> EXERCISE OBJECTIVE:
What is needed is an exact copy of the data below, pictures excluded.

> DATASET EXCERPT:
**********

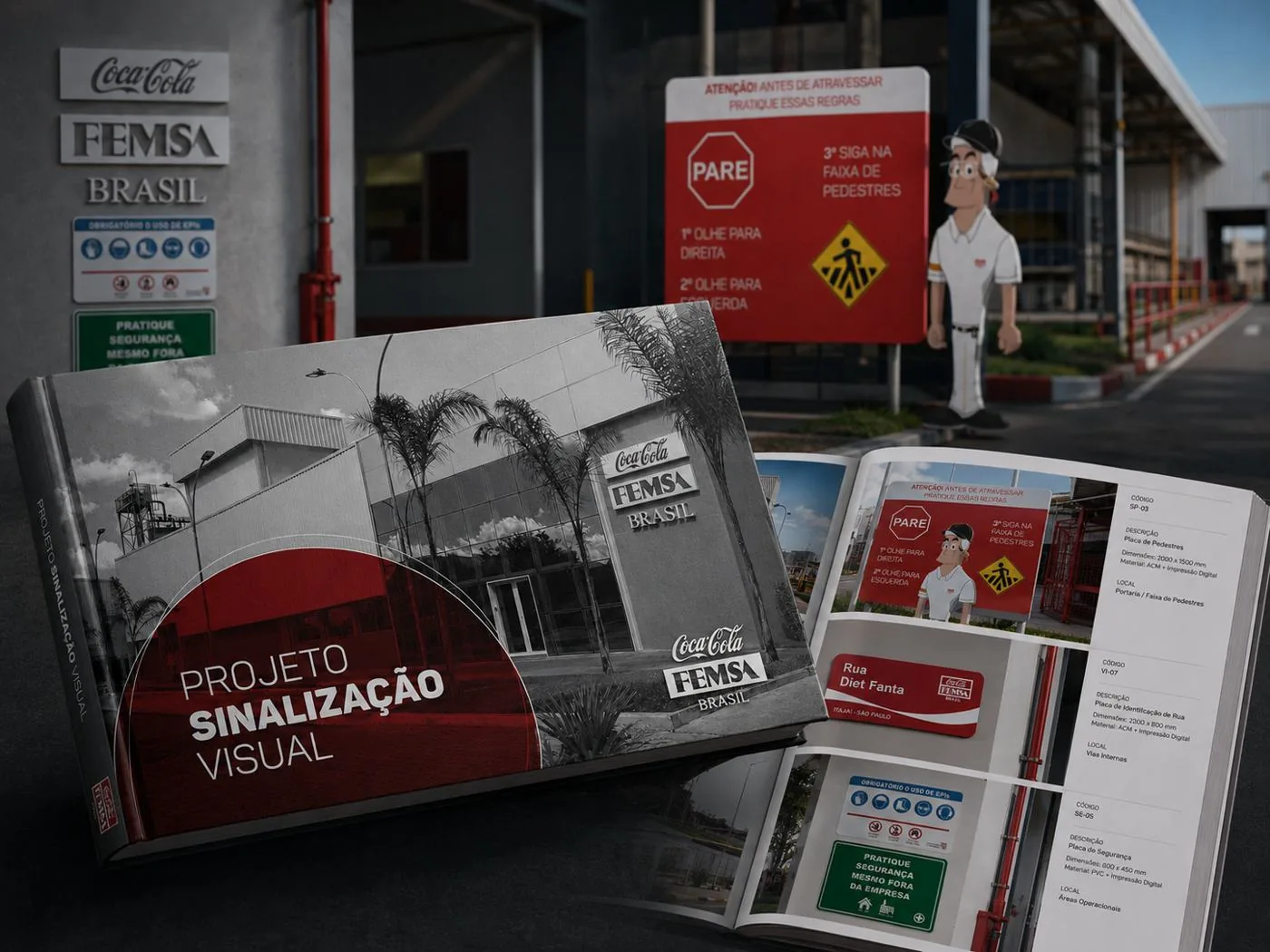 Mapeamento de vias e placas da fábrica Coca-Cola FEMSA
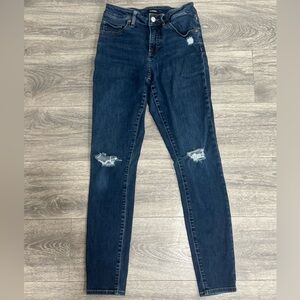 Express Blue Distressed Curvy Stretch Women Jeans 4L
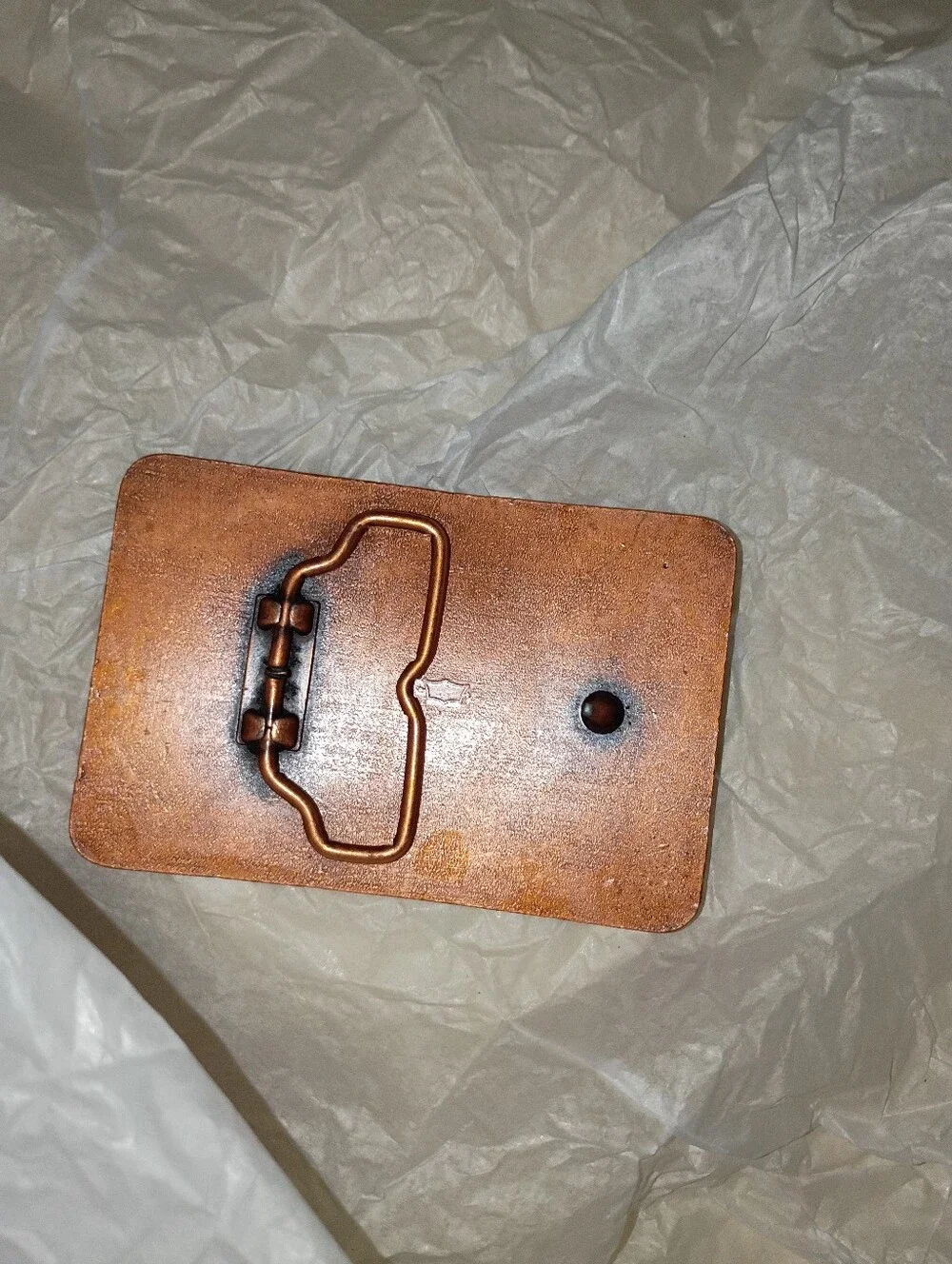 Electric Family Copper-Tone R&T Electric Belt Plate
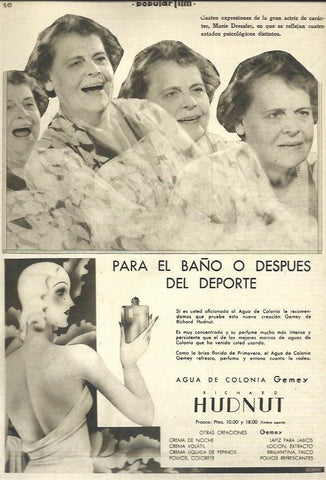 LAMINA 32543: Publicidad de colonia Gemey de Hudnut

**********

> EXERCISE SOLUTION:
 Mapeamento de vias e placas da fábrica Coca-Cola FEMSA
 Express Blue Distressed Curvy Stretch Women Jeans 4L
 Electric Family Copper-Tone R&T Electric Belt Plate
 LAMINA 32543: Publicidad de colonia Gemey de Hudnut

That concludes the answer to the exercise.